Steps to Compile and Execute C Program in Linux Using Gcc

Before talking of compiling and running C program in Linux let's see why C is so popular ever since it was created. He was the Dennis Ritchie who developed C language in 1969 to 1973. C was developed from the beginning as the system programming language for UNIX. Most of the UNIX kernel, and all of its supporting tools and libraries, were written in C. Initially, C was designed to implement the UNIX operating system. Later other folks found it useful for their programs without any hindrance, and they began using it. Even today, C is the first choice for system-level programming. This tutorial explains compilation and execution of C program is in detail.

Compile C Program in Linux - The Classic Hello World!
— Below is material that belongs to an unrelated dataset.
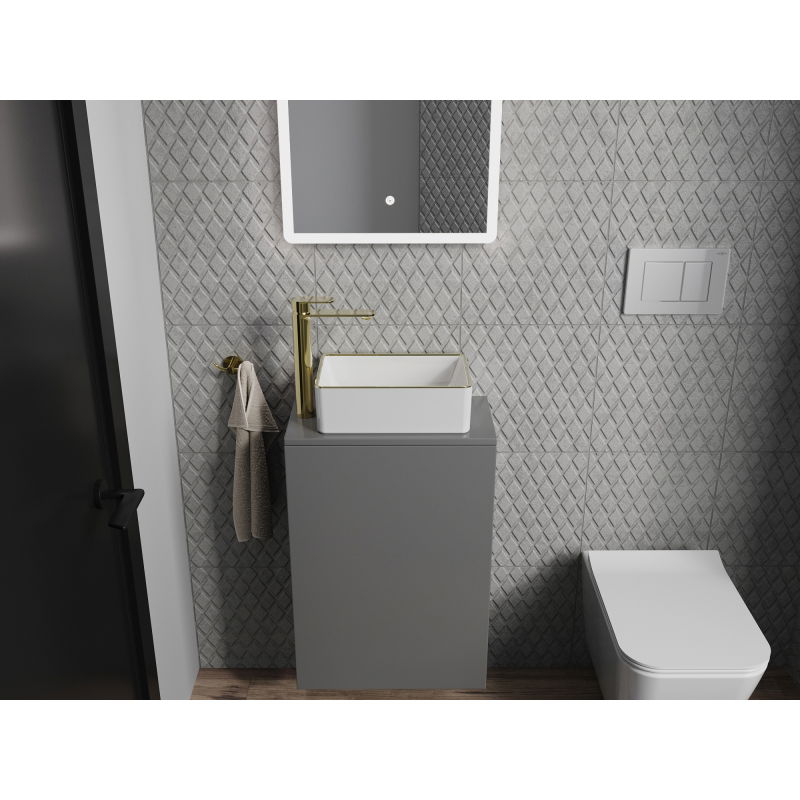 Mexen Nadia умивалник за плот 36 x 23 см, бял/златен кант - 21613605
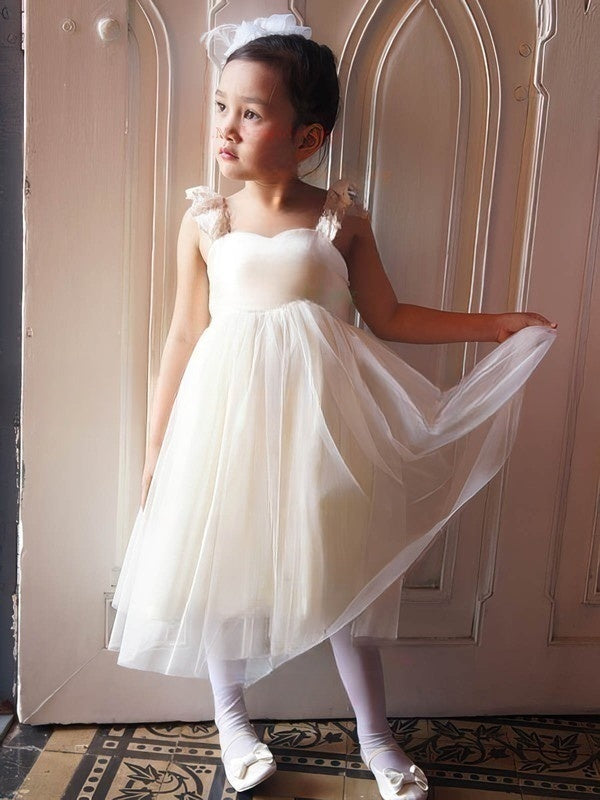 A-line Square Neckline Tulle Flower Girl Dresses with Sashes / Ribbons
Kernighan and Ritchie (K & R) in their classic book on C programming language acquaint readers to C language by compiling and executing "Hello World!" C program as follows.

#include <stdio.h>
int main()
{
  printf("hello, world!\n");
}
 
/* helloworld.c */

To compile and run this C program every part of the system has to perform in concert. In order to compile above C program in Linux, we will start right from the creation of the program. The 'Hello World!' program starts its life as a source file which is created with help of a text editor and saved as helloworld.c. The helloworld.c program code is stored in a file as a sequence of bytes. Each byte has a value corresponding to some character. The first byte has the value 35 that corresponds to the character '#', for example. Likewise, the second byte has the integer value 105, which corresponds to the character 'i', and so on. The idea illustrates that all information in a system is represented as a bunch of bits.

To compile and run the C program helloworld.c, all C statements must be translated individually into a sequence of instructions that a machine can understand. These instructions are then packaged in a form called executable object program. There are other programs which perform this task to get the program running. On a UNIX/Linux system, the translation from source code to object code (executable) is performed by a compiler driver. Here we will compile C program by gcc.
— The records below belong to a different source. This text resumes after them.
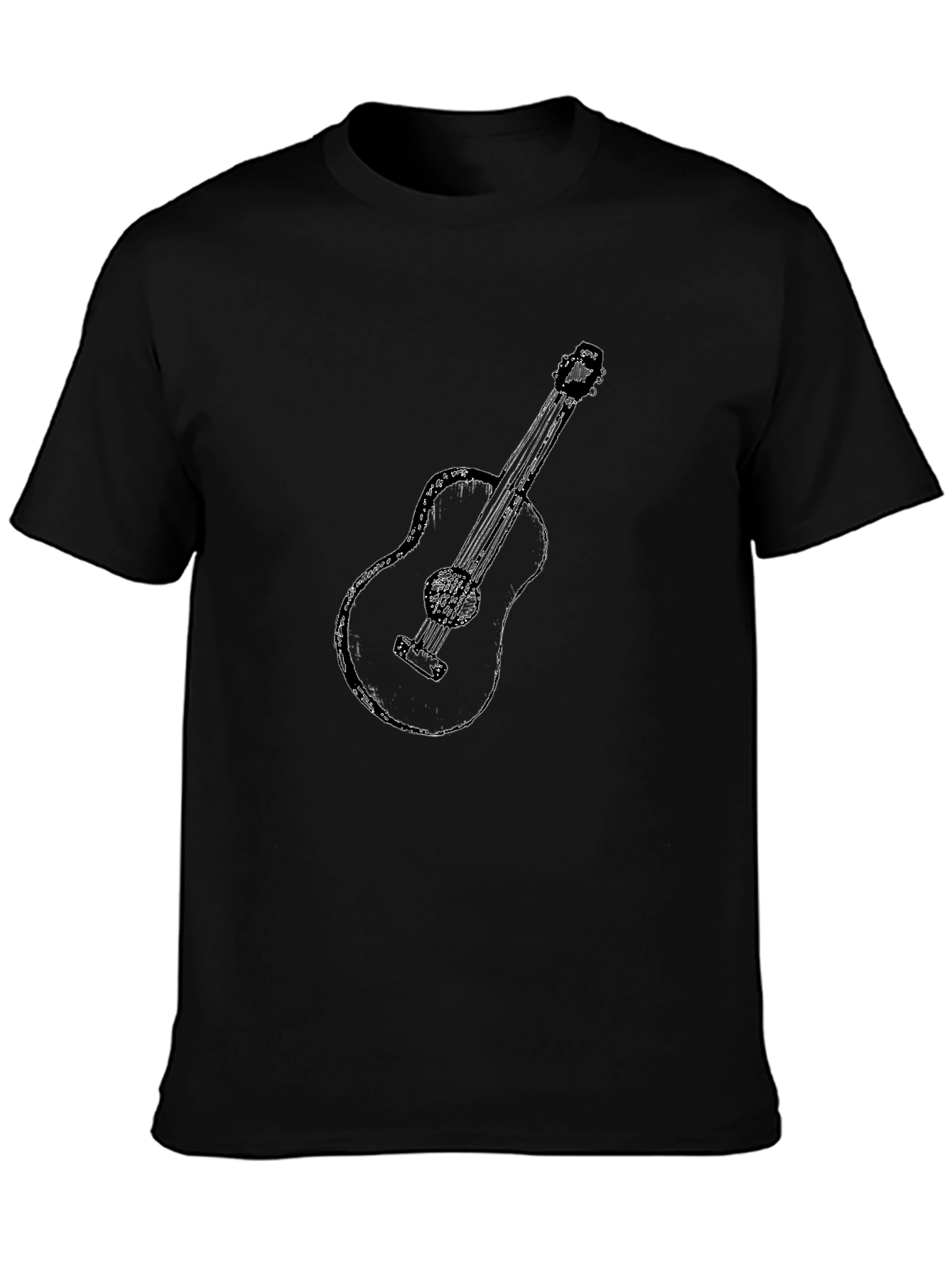 Guitar Graphic Print Black T-Shirt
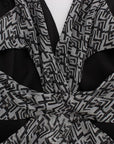 Karl Lagerfeld Gray Black Silk Blouse Top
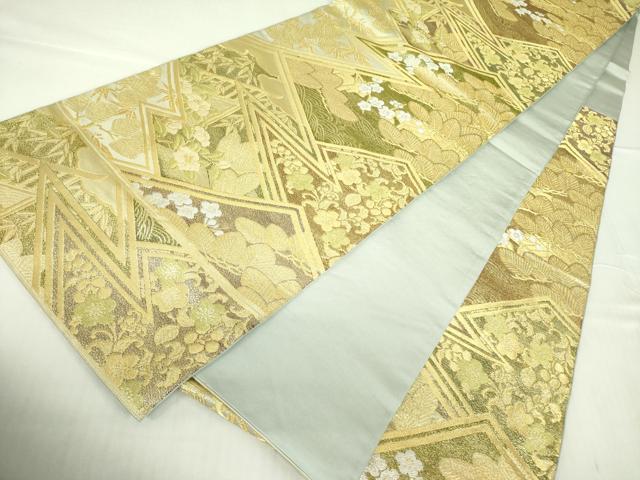 平和屋着物●西陣 川島織物 六通柄 本袋帯 花松文 金銀糸 正絹 逸品 DABB7792op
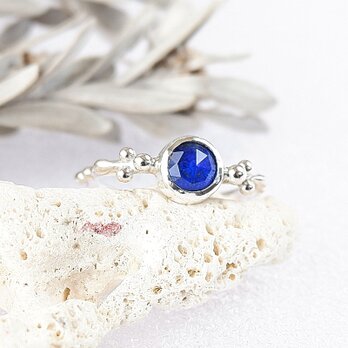 ラピス×クリスタルの粒飾りリング　11.5号 (再販）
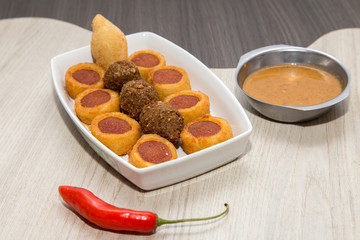Mix of brazilian fried mini snacks
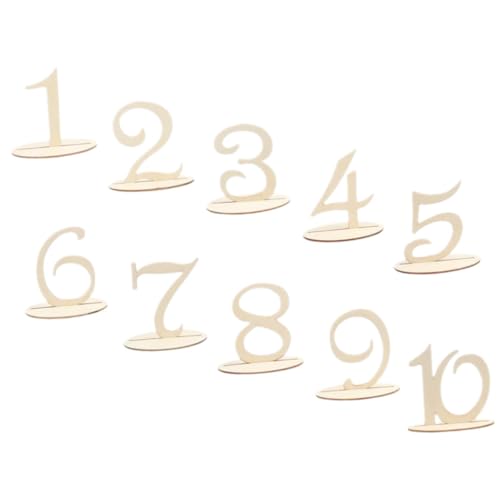 HOUDERCO 10個 木製テーブルナンバー 丸形スムーズ素材 卓上札 パーティー結婚式用再利用可能な席次表示サイン イベント装飾に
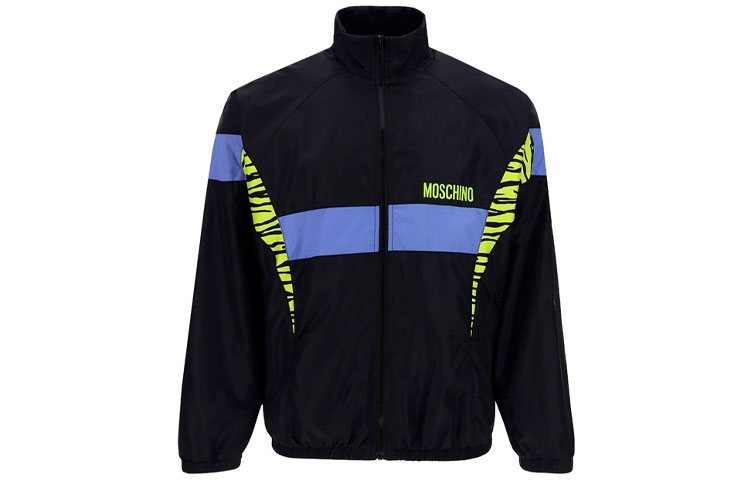 MOSCHINO SS22 Black Logo Print Zip-Up Long Sleeve Jacket for Men 06202016-A3555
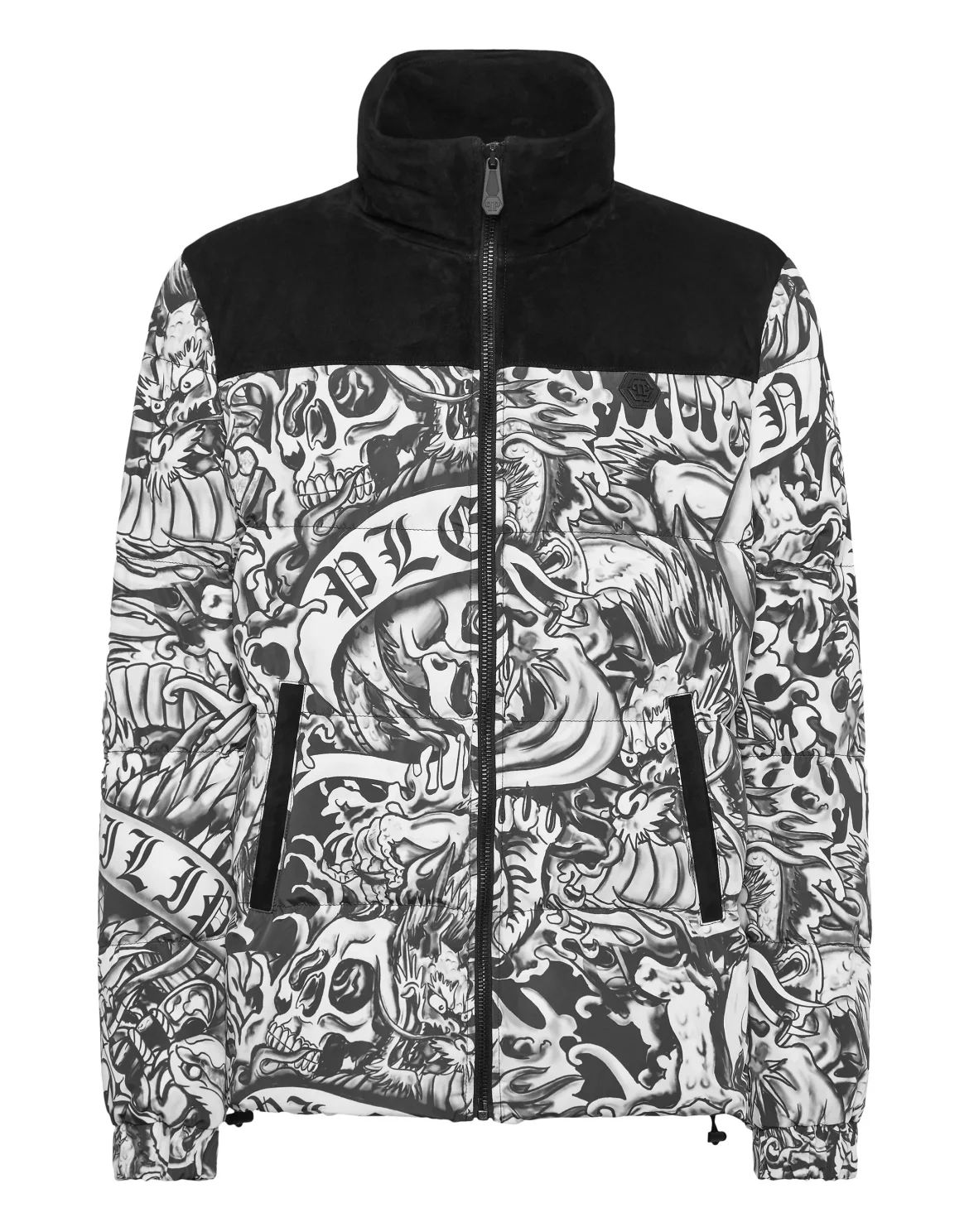 Nylon Puffer Jacket With Leather Inserts Tattoo, цвет: Мультиколор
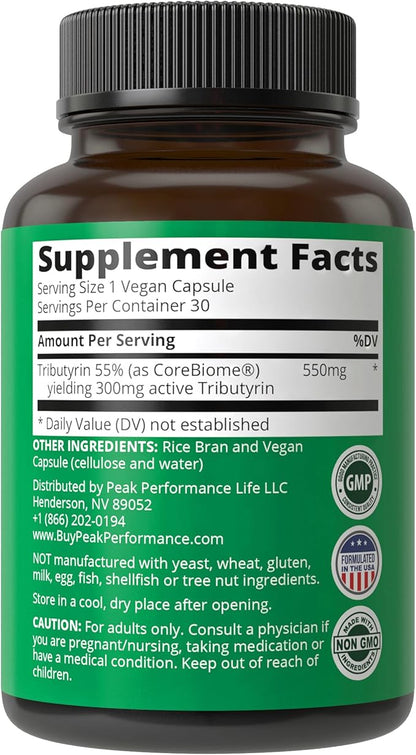 CoreBiome Tributyrin Postbiotic Supplement Clinically Tested For Gut Health. More Effective than Sodium Butyrate Capsules. High Bioavailability Post Biotics For Digestive, Leaky Gut, Colon, Microbiome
The following command (provided that gcc is installed on your Linux box) compiles C program helloworld.c and creates an executable file called helloworld. Don't forget to set appropriate permissions to helloworld.c, so that you won't get execute permission errors.

[root@host ~]# gcc helloworld.c -o helloworld

While compiling helloworld.c the gcc compiler reads the source file helloworld.cand translates it into an executable helloworld. The compilation is performed in four sequential phases by the compilation system (a collection of four programs - preprocessor, compiler, assembler, and linker).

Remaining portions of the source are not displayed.